Beefy Boxes and Bandwidth Generously Provided by pair Networks
Welcome to the Monastery
 
PerlMonks  

Re^4: Fast Replacement (0.01 seconds)

by davido (Cardinal)
on Jun 14, 2013 at 15:49 UTC ( [id://1038984]=note: print w/replies, xml ) Need Help??


in reply to Re^3: Fast Replacement (0.01 seconds)
in thread Fast Replacement

For what it's worth, depending on how I measure, this is at least ten times faster than my solution. In real life it would be quite a bit more than 10x the speed of my solution -- I just used Benchmark to test, and that required making a copy of the input string on each test iteration so as not to mess with the original. Since the OP wouldn't be making copies (hopefully), that could be factored out, and would make the difference between our two algorithms all the more significant.


Dave

Replies are listed 'Best First'.
Re^5: Fast Replacement (0.01 seconds)
by BrowserUk (Patriarch) on Jun 14, 2013 at 19:42 UTC
    making a copy of the input string on each test iteration so as not to mess with the original.

    Indeed, it is a pig to benchmark. Here's my attempt.

    What I did was have the first iteration do tr[!][\n] and the second tr[\n][!], using a flag to keep track of odd & even.
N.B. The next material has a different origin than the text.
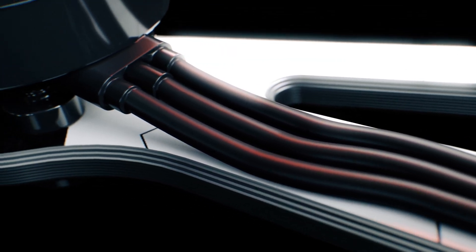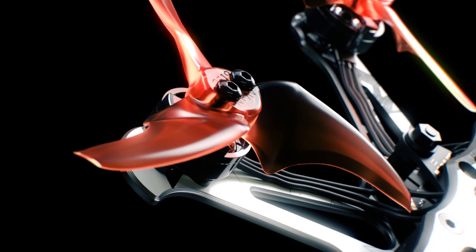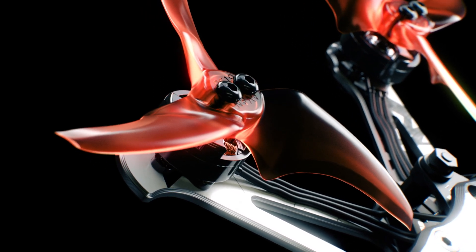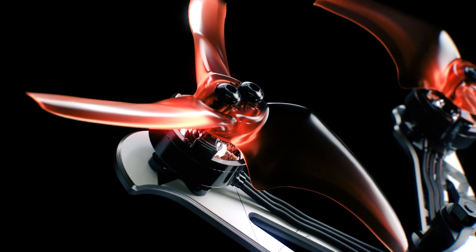Engineered for precision and extended airtime, the TinyHawk 3 Plus Freestyle features a high-performance 12.025 7000 kV motor meticulously calibrated to optimize RPM and ensure maximum efficiency.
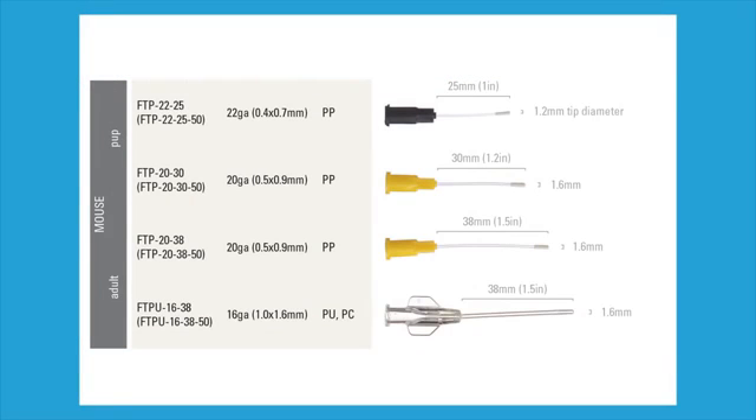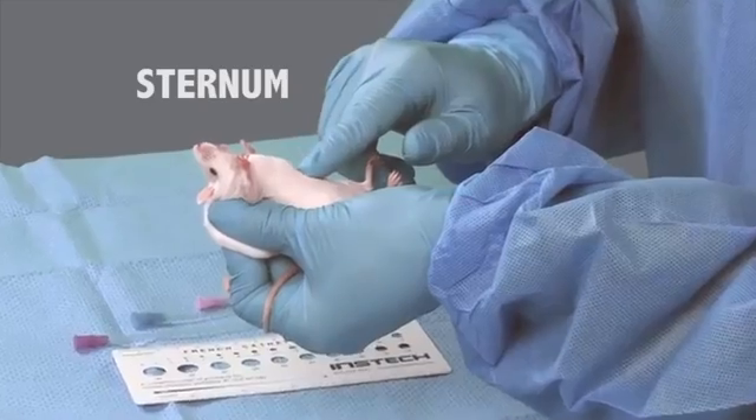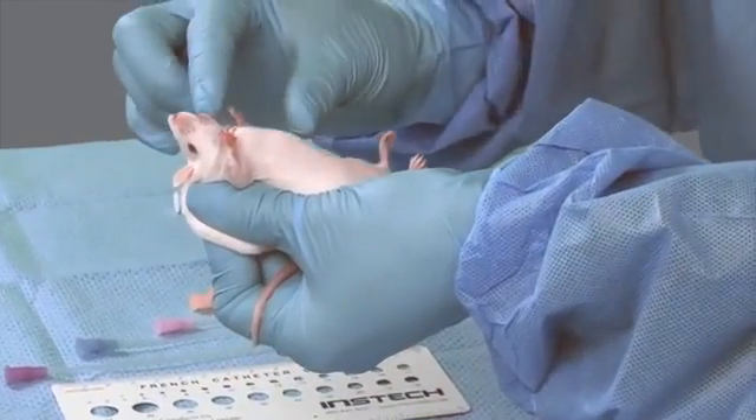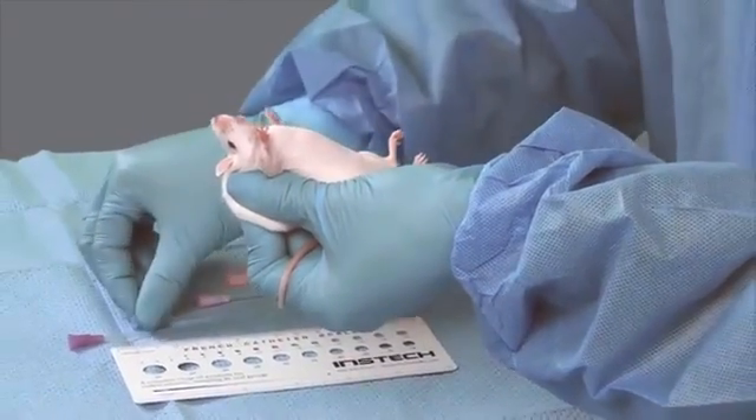It is important to select the correct size of feeding tube to ensure proper delivery of the compound as well as to avoid injury to the animal. Here are various sizes of mouse feeding tubes, with general size guidelines according to the weight of the mouse. The FTP 20-38 is the most commonly used size for mice. Here we see veterinary technicians assessing the appropriate size feeding tube to use. The feeding tube should be the length of the mouth to the bottom of the sternum.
It also shows how the problem some people level at tr -- the need to know the lists at compile time -- can be addressed:

    #! perl -slw use strict; use Benchmark qw[ cmpthese ]; sub makeTR{ eval "sub{ \$_[ 0 ] =~ tr[$_[0]][$_[1]] }"; } our $N //= 10; die "$N must be even and positive" if $N &1 or $N < 2; our $tr1 = makeTR( '!', "\n" ); our $tr2 = makeTR( "\n", '!' ); our $flag = 0; our $s = '1234!' x 55e3; cmpthese $N, { a => q[ if( $flag ) { my( $p, $c ) = ( 0, 50e3 ); 1 while --$c and $p = index $s, "\n", $p; $tr2->( substr $s, 0, $p ); $flag ^= 1; } else { my( $p, $c ) = ( 0, 50e3 ); 1 while --$c and $p = index $s, "!", $p; $tr1->( substr $s, 0, $p ); $flag ^= 1; } ], b => q[ if( $flag ) { $s =~ s/\n(??{ ( $myregexp::count++ < 50000 ) ? '' : '(?!) +' })/!/g; $flag ^= 1; } else { $s =~ s/!(??{ ( $myregexp::count++ < 50000 ) ? '' : '(?!)' + })/\n/g; $flag ^= 1; } ], };

    And the results put tr 5x to 30x times faster, so your benchmark isn't bad at all:

    C:\test>junk71 -N=2 (warning: too few iterations for a reliable count) (warning: too few iterations for a reliable count) s/iter a b a 5.84 -- -85% b 0.899 550% -- C:\test>junk71 -N=4 (warning: too few iterations for a reliable count) s/iter a b a 5.81 -- -92% b 0.492 1081% -- C:\test>junk71 -N=10 s/iter a b a 5.78 -- -95% b 0.273 2013% -- C:\test>junk71 -N=20 s/iter a b a 5.74 -- -97% b 0.176 3167% --

    With the rise and rise of 'Social' network sites: 'Computers are making people easier to use everyday'
    Examine what is said, not who speaks -- Silence betokens consent -- Love the truth but pardon error.
    "Science is about questioning the status quo. Questioning authority".
    In the absence of evidence, opinion is indistinguishable from prejudice.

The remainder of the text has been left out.